Exercise requirements:
The line with "Sapatos Mary Jane", the line with "Place de l'Etoile, Wagram", and all lines between them in the material below: return these exactly, and no others.

*** Exercise materials Section Begins ***

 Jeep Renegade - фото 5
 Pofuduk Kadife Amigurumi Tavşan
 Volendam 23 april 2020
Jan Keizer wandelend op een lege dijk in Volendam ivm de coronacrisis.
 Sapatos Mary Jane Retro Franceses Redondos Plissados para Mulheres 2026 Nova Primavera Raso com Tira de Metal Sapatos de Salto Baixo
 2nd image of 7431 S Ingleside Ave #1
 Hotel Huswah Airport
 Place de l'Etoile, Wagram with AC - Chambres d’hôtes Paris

*** Exercise materials Section Ends ***
*** Exercise materials Section Begins ***

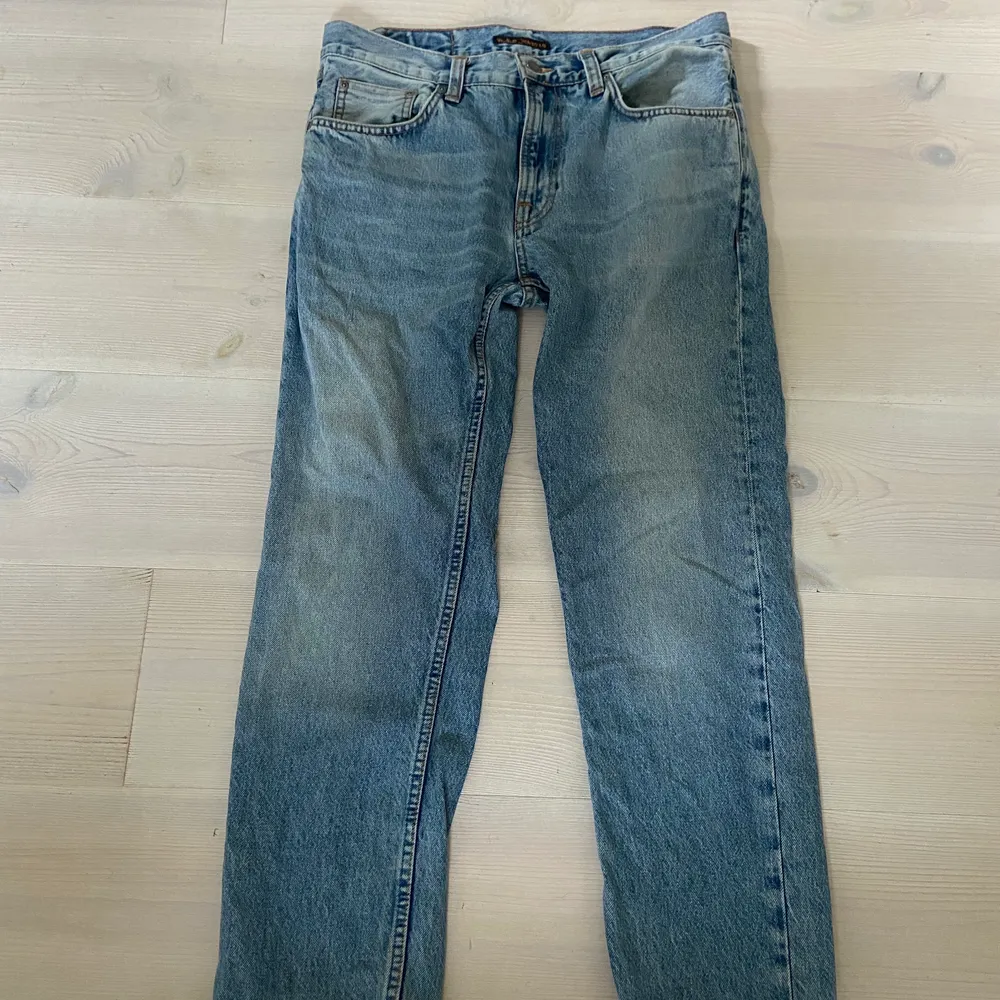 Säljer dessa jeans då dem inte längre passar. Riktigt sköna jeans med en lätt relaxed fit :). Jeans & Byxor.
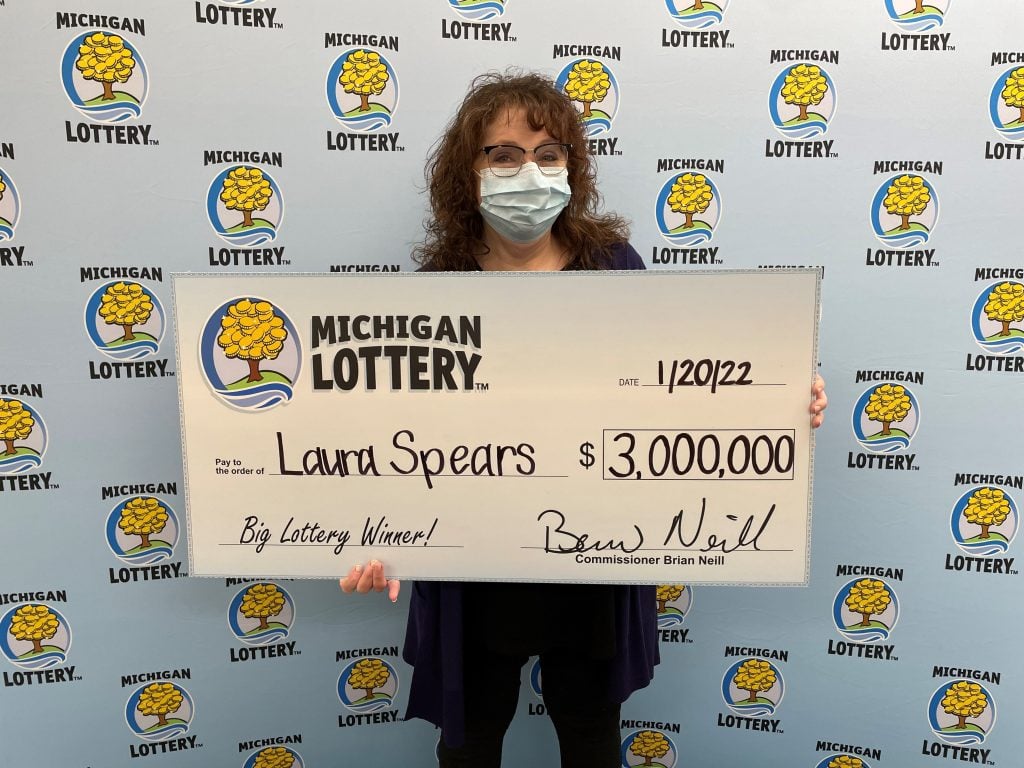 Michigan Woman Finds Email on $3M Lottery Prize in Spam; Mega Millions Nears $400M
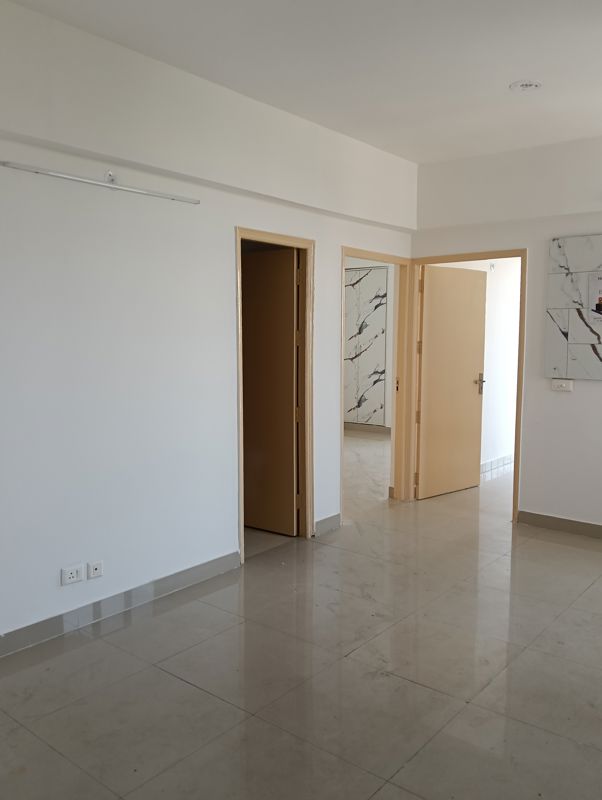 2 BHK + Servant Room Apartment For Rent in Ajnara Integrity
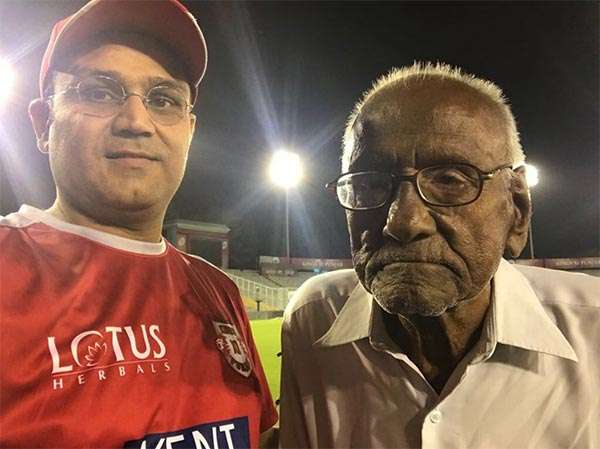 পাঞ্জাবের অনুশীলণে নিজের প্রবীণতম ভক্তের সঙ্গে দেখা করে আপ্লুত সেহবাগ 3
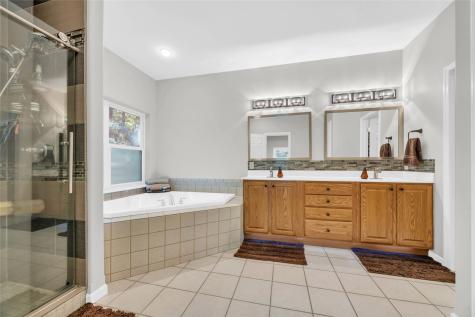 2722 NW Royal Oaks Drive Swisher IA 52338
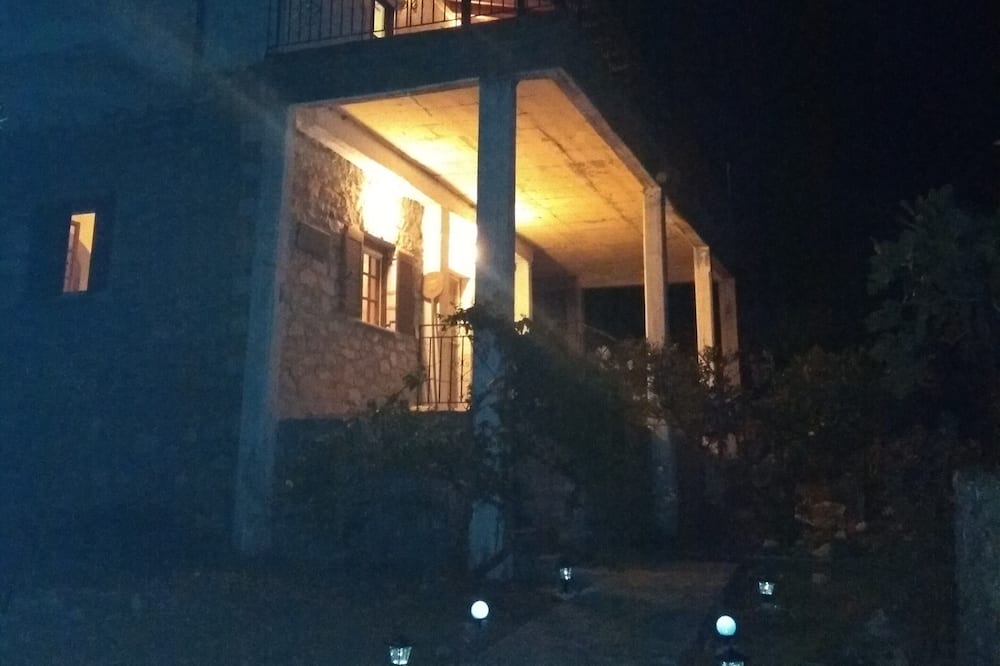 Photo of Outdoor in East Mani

*** Exercise materials Section Ends ***
*** Exercise materials Section Begins ***

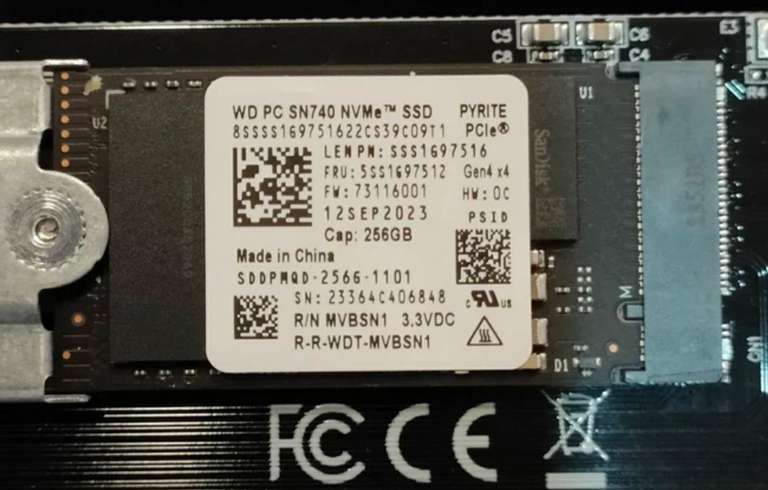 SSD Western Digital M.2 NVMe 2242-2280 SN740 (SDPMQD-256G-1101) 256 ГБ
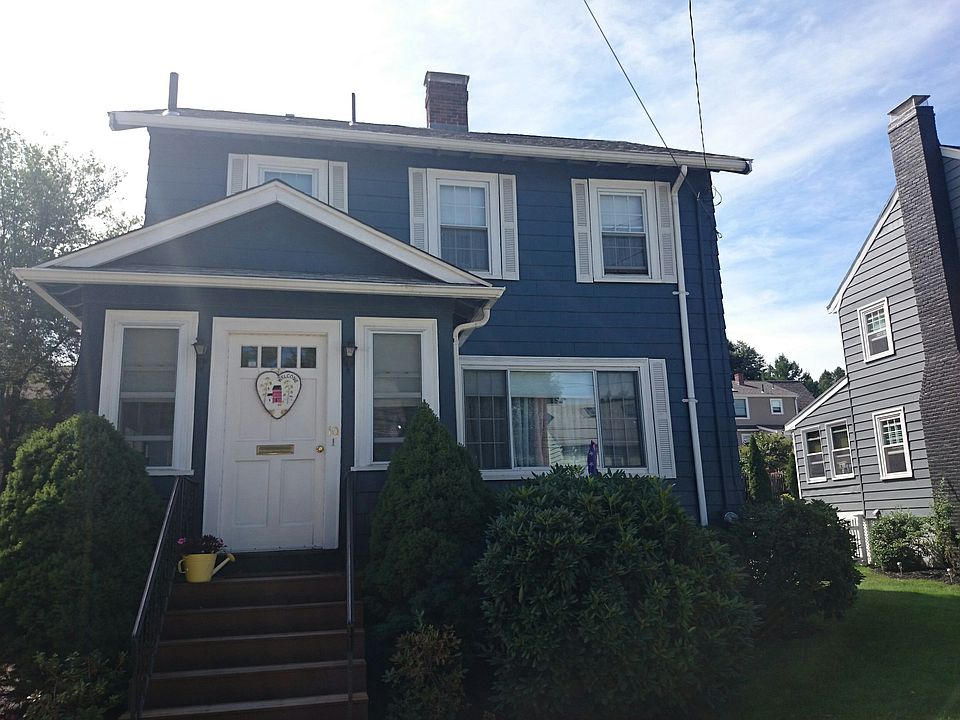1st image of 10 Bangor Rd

*** Exercise materials Section Ends ***

Output for this task:
 Sapatos Mary Jane Retro Franceses Redondos Plissados para Mulheres 2026 Nova Primavera Raso com Tira de Metal Sapatos de Salto Baixo
 2nd image of 7431 S Ingleside Ave #1
 Hotel Huswah Airport
 Place de l'Etoile, Wagram with AC - Chambres d’hôtes Paris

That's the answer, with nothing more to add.